However, given a constant 300°C field inlet temperature, attaining an average temperature of
525°C requires a field outlet temperature of 750°C. No HTF currently known other than high-
pressure steam or liquid metals (sodium, etc.) can be operated at such temperatures, so the
maximum field outlet temperature in this study is limited to 550°C, for an average field
temperature of 425°C.
III. Solar Advisor Model Results
a) Model Setup
The SAM program has two methods for simulating CSP trough power plants. The physical model
is based on theoretical relationships between the operating temperature and component
performance, while the empirical model is based on curve fits of data taken from operational,
existing CSP trough plants, the most recent of which is nearly 20 years old. The empirical model
can be argued to be more accurate, since it is based on actual measured plant performance;
however, there is a caveat, which is that the empirical models tend to break down when used to
simulate performance in conditions that are not similar to those present when the data on which the
model is based was taken. For this reason, the physical model was chosen for this analysis. The
outputs from recent work by NREL scientists were used to verify correct operation of the base
To begin, the template CSP trough systems available in SAM were used as a starting point. These
systems are not necessarily meant to represent any given existing CSP trough plant, but are rather
meant to be realistic aggregates of those plants that have been built. The simulation was set to use
the Solargenix SG-1 collector with Schott PTR70 and PTR70 2008 receivers (in separate runs to
look at the effect of varying receiver performance), and a 100MWe power block based on the
SEGS power blocks. The system base case uses zero to six hours of molten-salt (Hitec XL) two-
tank TES, as TES systems designed around molten salt have been operated and shown to work
reliably at several solar power plants, and to offer the best combination of cost and system
utilization of the concepts tested so far. The plant is also assumed to operate an organic HTF (in
this case Therminol VP-1®) between 300° and 400°C, which are typical values for existing CSP
trough plants. The solar field is assumed to have a constant solar multiple of 2.0 for 950W/m2
design irradiance level (the solar multiple is the thermal output of the field at design irradiance
divided by the power block thermal input at rated power).
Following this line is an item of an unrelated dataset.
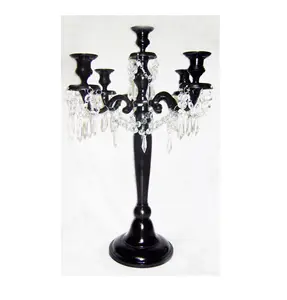 Nordic Style Cheap Fancy Metal Candle Holder Black Colour Candelabra For Wedding Centrepiece Birthday Dinning Table Decorative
The location selected (i.e., climate data set used) was Dagget, CA, which hosts some of the ten
SEGS CSP trough plants. The financial inputs were set to mirror those used in previous economic
studies by Turchi, which showed that the real LCOE for new 100MWe CSP installations with 6
hours of energy storage should be about 14.6¢/kWh, given a 30% Federal Investment Tax Credit
(ITC) and installed costs around $494,000,000. Furthermore, Turchi stated that the capacity factor
should be around 40% for the given inputs. The financial inputs used are given below, in Figure 8.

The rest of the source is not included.